# [Data supplied]
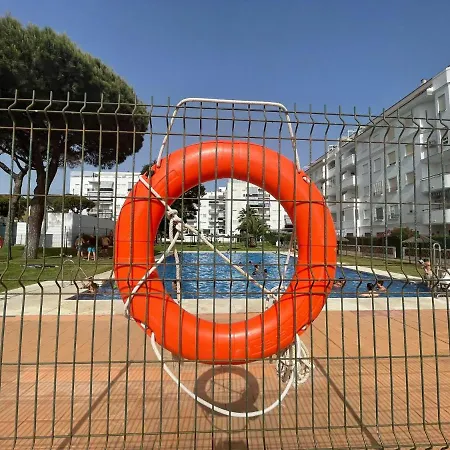 Cosy 2Br Flat In Nuevo Portil City Centre El Portil Exterior foto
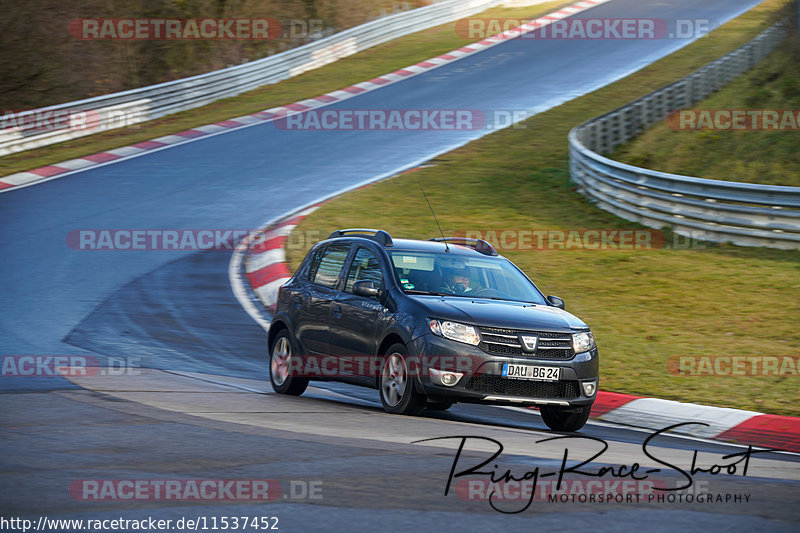 Bild #11537452 - Touristenfahrten Nürburgring Nordschleife (13.12.2020)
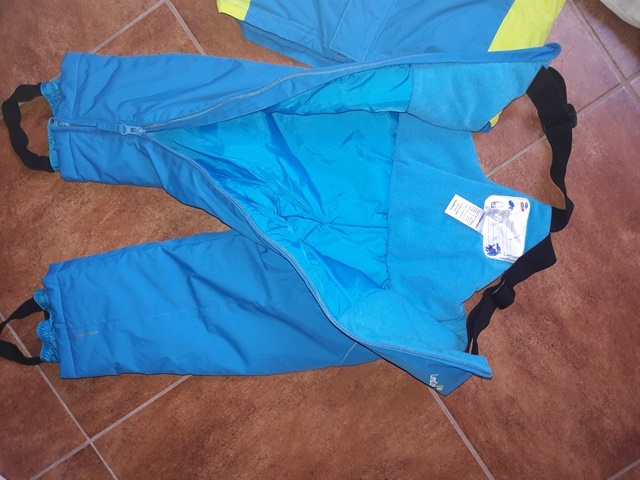 zimna suprava do snehu, nova vel 74/80 - 2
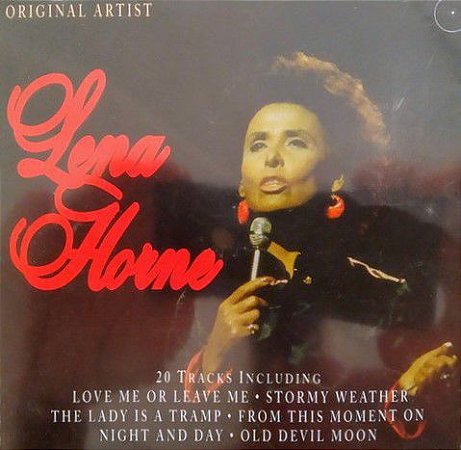 CD - Lena Horne – Lena Horne – IMP (UK)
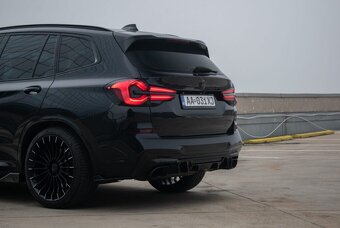 BMW X3 M40d 250kw xDrive A/T - 8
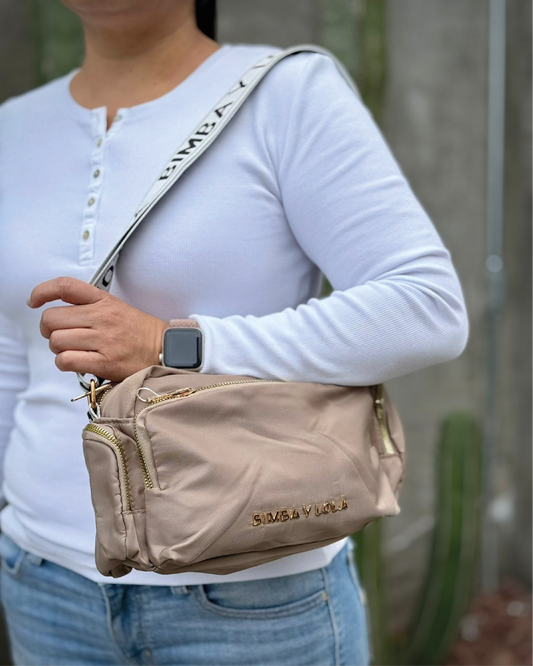 BOLSO BM-1  KHAKI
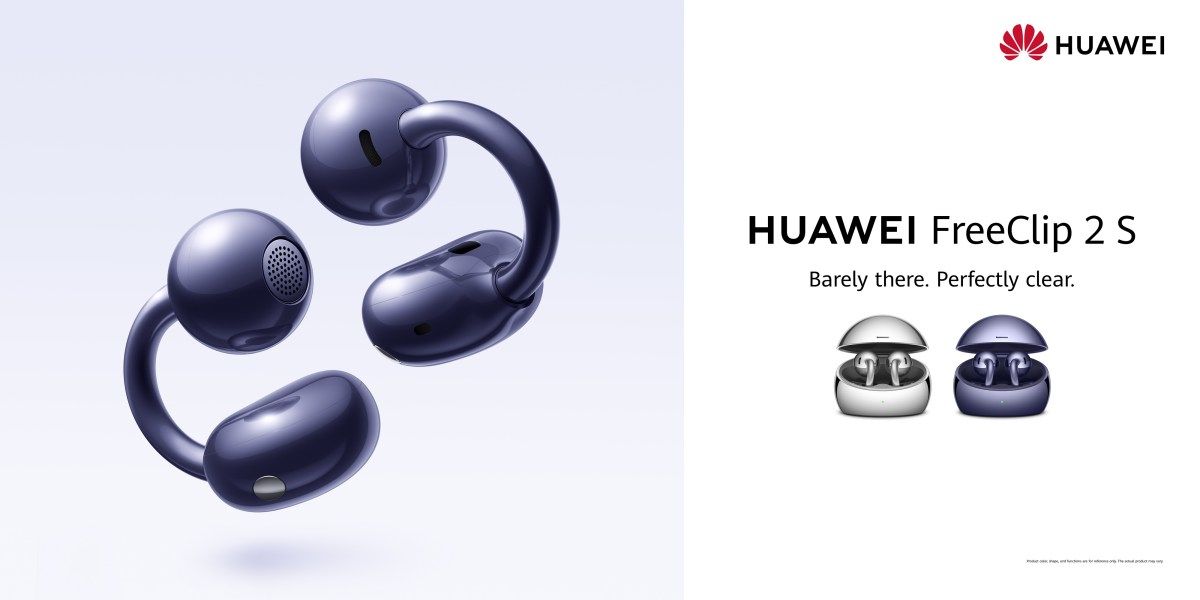 Huawei FreeClip 2 S ve MatePad Air 2026 tanıtıldı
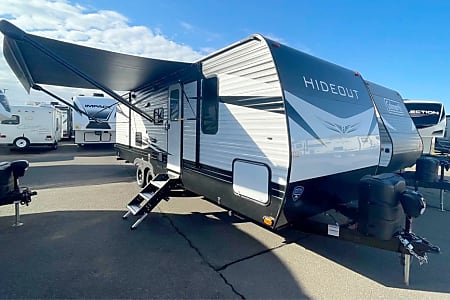 Travel trailer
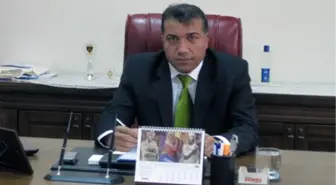 Kiraz'ın Yeni Kaymakamı Göreve Başladı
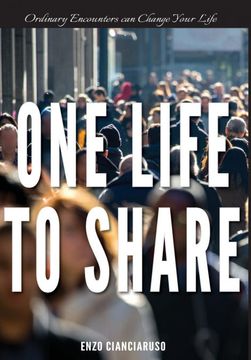 portada One Life to Share (in English)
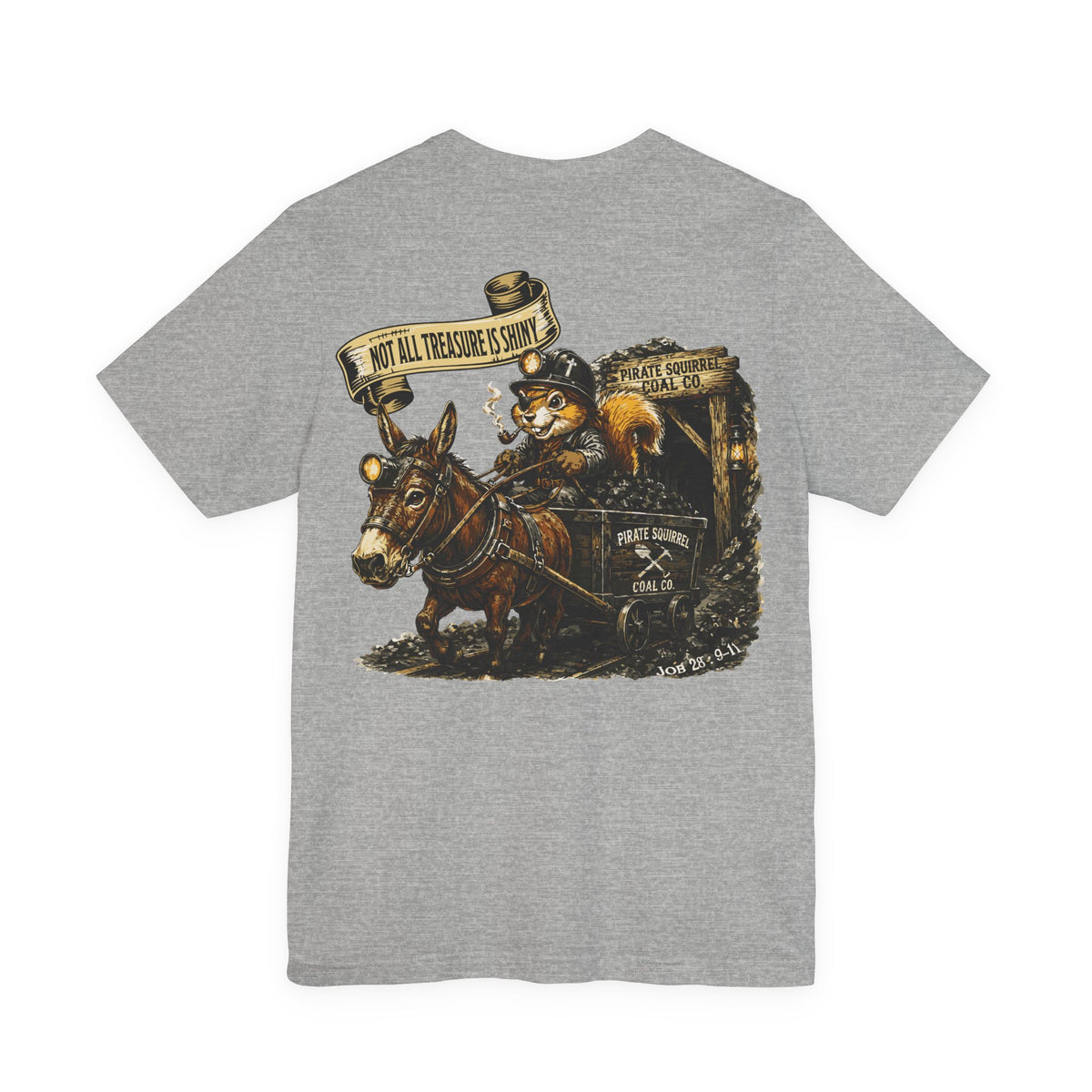 Pirate Squirrel Coal Co.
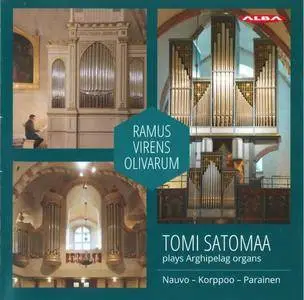 Tomi Satomaa - Ramus virens olivarum (2016)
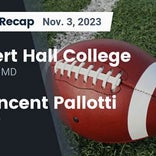 Football Game Recap: Pallotti Panthers vs. Calvert Hall Cardinals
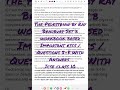 The Pedestrian by Ray Bradbury Set B WITH PDF RTCS/ IMP. WORKBOOK QUESTIONS 5-8 WITH ANSWERS ICSE 10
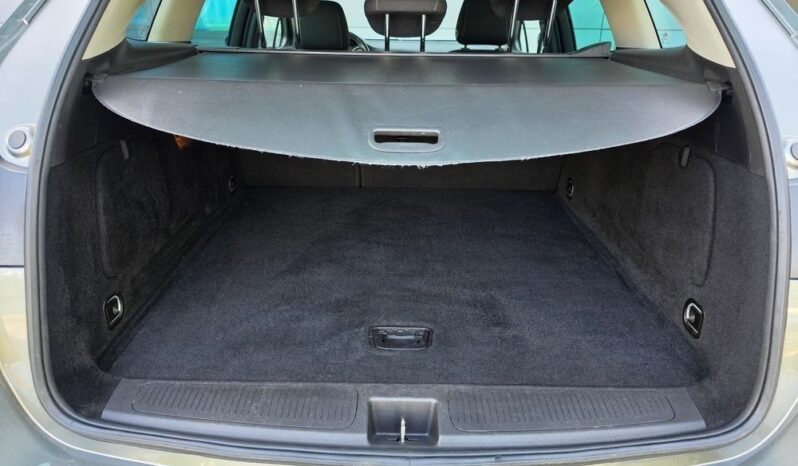 Opel Astra | FWD (przód) | Manualna | 125 KM | Szary full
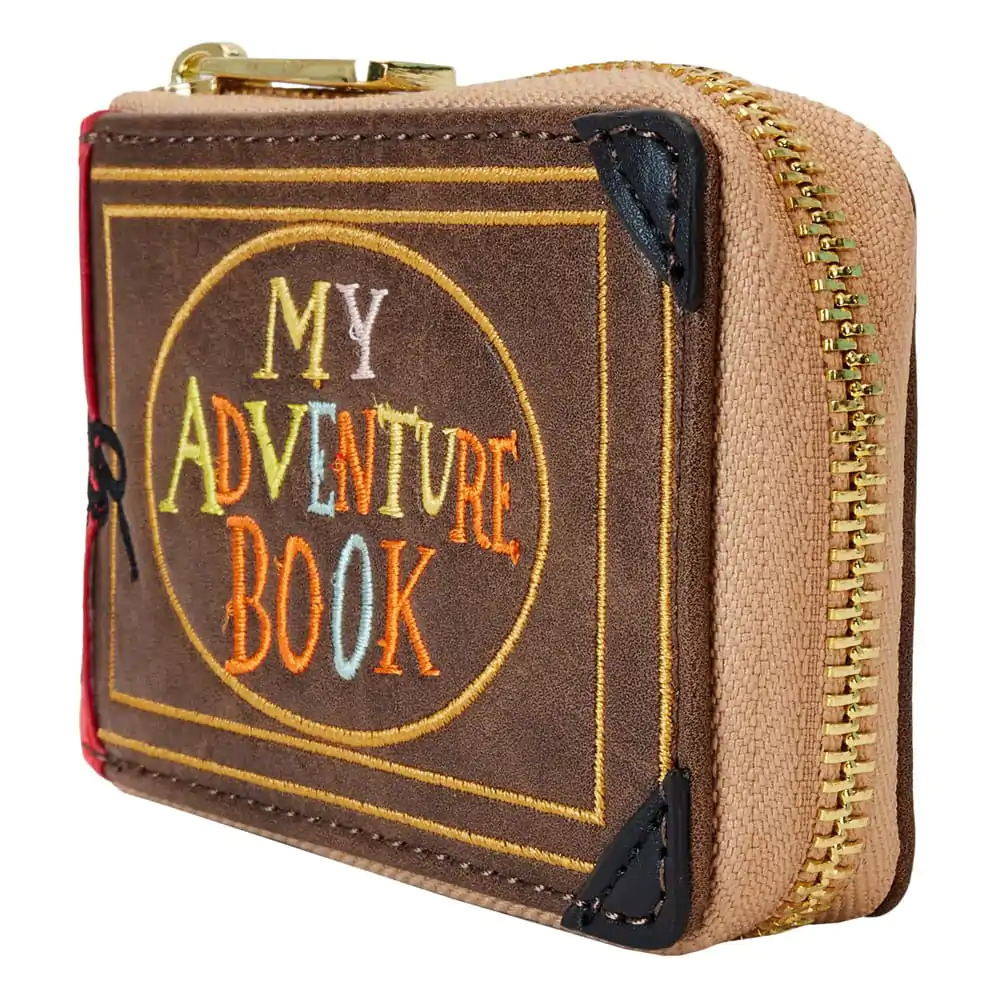 Pixar by Loungefly Wallet Up 15th Anniversary Adventure Book termékfotó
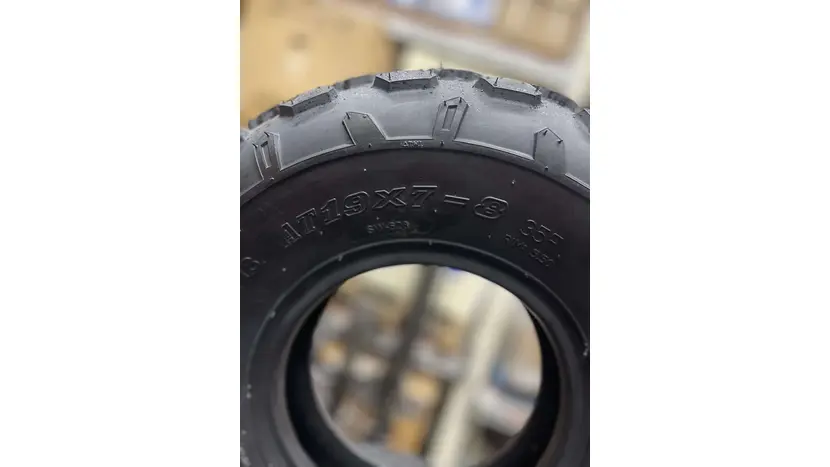 Гума для квадроцикла ATV 8" 19*7-8 SW628 (QD-113) фото 4 купити в Україні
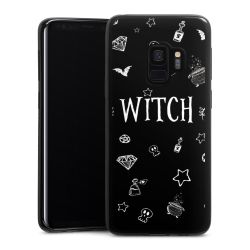 Silikoni Suojakuori Slim musta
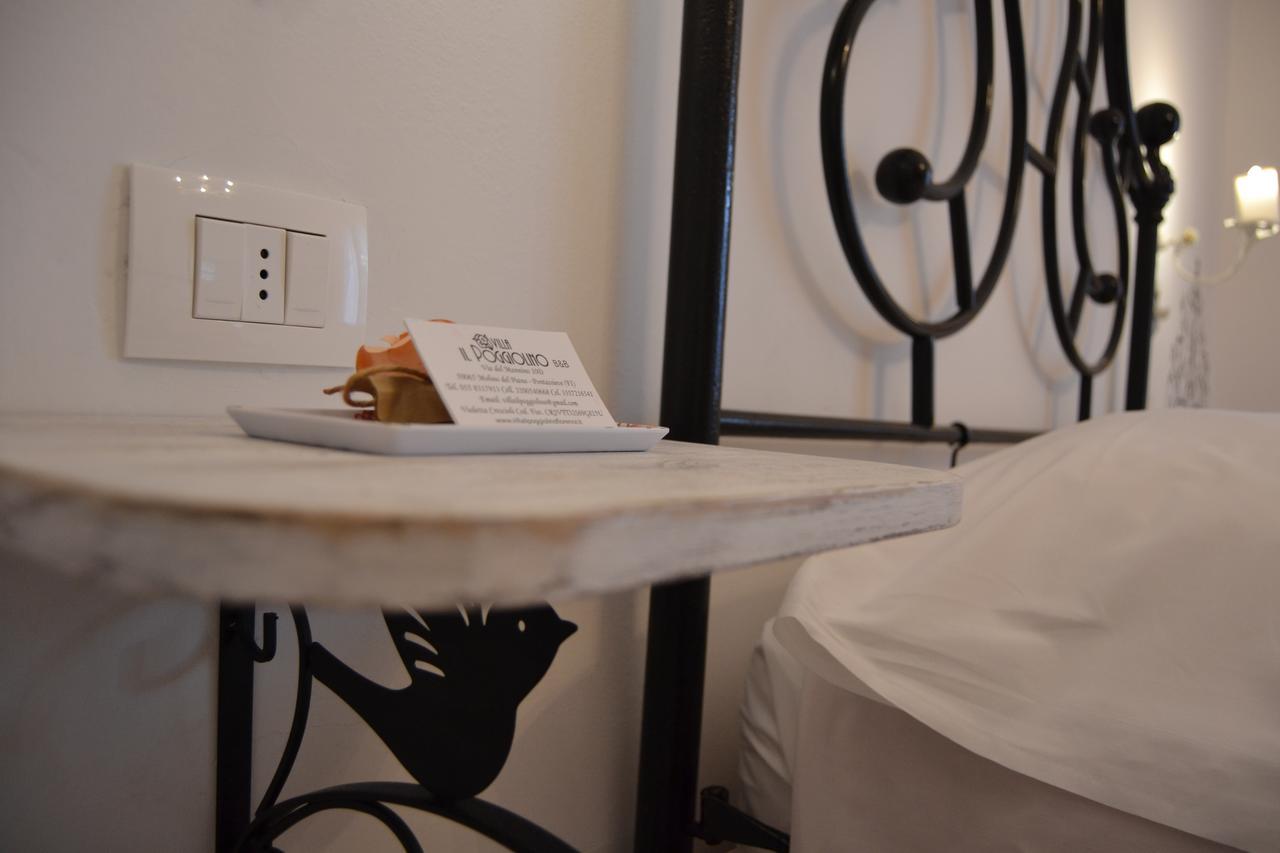 B&B Villa Il Poggiolino Molino del Piano Εξωτερικό φωτογραφία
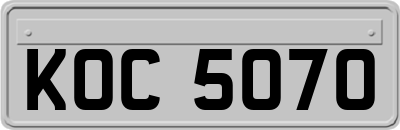 KOC5070
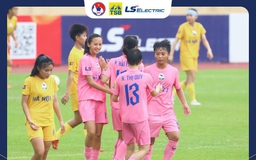 CLB Hà Nội và TP.HCM I đều thắng đậm: Cuộc đua giành chức vô địch ngày càng quyết liệt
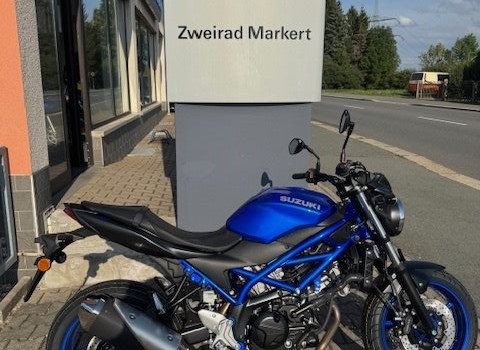 Neufahrzeug Suzuki SV650 - Bild 2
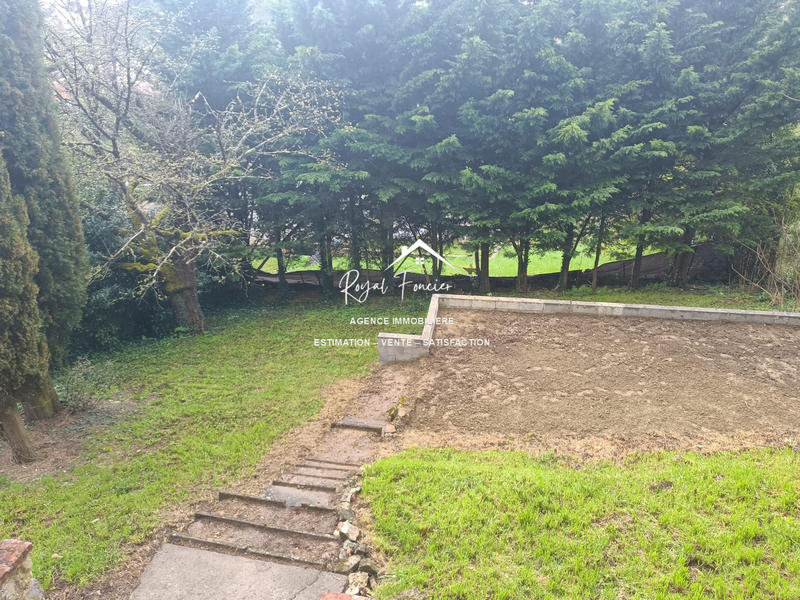 Maison ancienne - 62 m² - 3 pièces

# [Exercise aim]
Transcribe the listing verbatim, pictures excluded.

# [Written response]
 Cosy 2Br Flat In Nuevo Portil City Centre El Portil Exterior foto
 Bild #11537452 - Touristenfahrten Nürburgring Nordschleife (13.12.2020)
 zimna suprava do snehu, nova vel 74/80 - 2
 CD - Lena Horne – Lena Horne – IMP (UK)
 BMW X3 M40d 250kw xDrive A/T - 8
 BOLSO BM-1  KHAKI
 Huawei FreeClip 2 S ve MatePad Air 2026 tanıtıldı
 Travel trailer
 Kiraz'ın Yeni Kaymakamı Göreve Başladı
 portada One Life to Share (in English)
 Pirate Squirrel Coal Co.
 Tomi Satomaa - Ramus virens olivarum (2016)
 Football Game Recap: Pallotti Panthers vs. Calvert Hall Cardinals
 The Pedestrian by Ray Bradbury Set B WITH PDF RTCS/ IMP. WORKBOOK QUESTIONS 5-8 WITH ANSWERS ICSE 10
 Opel Astra | FWD (przód) | Manualna | 125 KM | Szary full
 Pixar by Loungefly Wallet Up 15th Anniversary Adventure Book termékfotó
 Гума для квадроцикла ATV 8" 19*7-8 SW628 (QD-113) фото 4 купити в Україні
 Silikoni Suojakuori Slim musta
 B&B Villa Il Poggiolino Molino del Piano Εξωτερικό φωτογραφία
 KOC5070
 CLB Hà Nội và TP.HCM I đều thắng đậm: Cuộc đua giành chức vô địch ngày càng quyết liệt
 Neufahrzeug Suzuki SV650 - Bild 2
 Maison ancienne - 62 m² - 3 pièces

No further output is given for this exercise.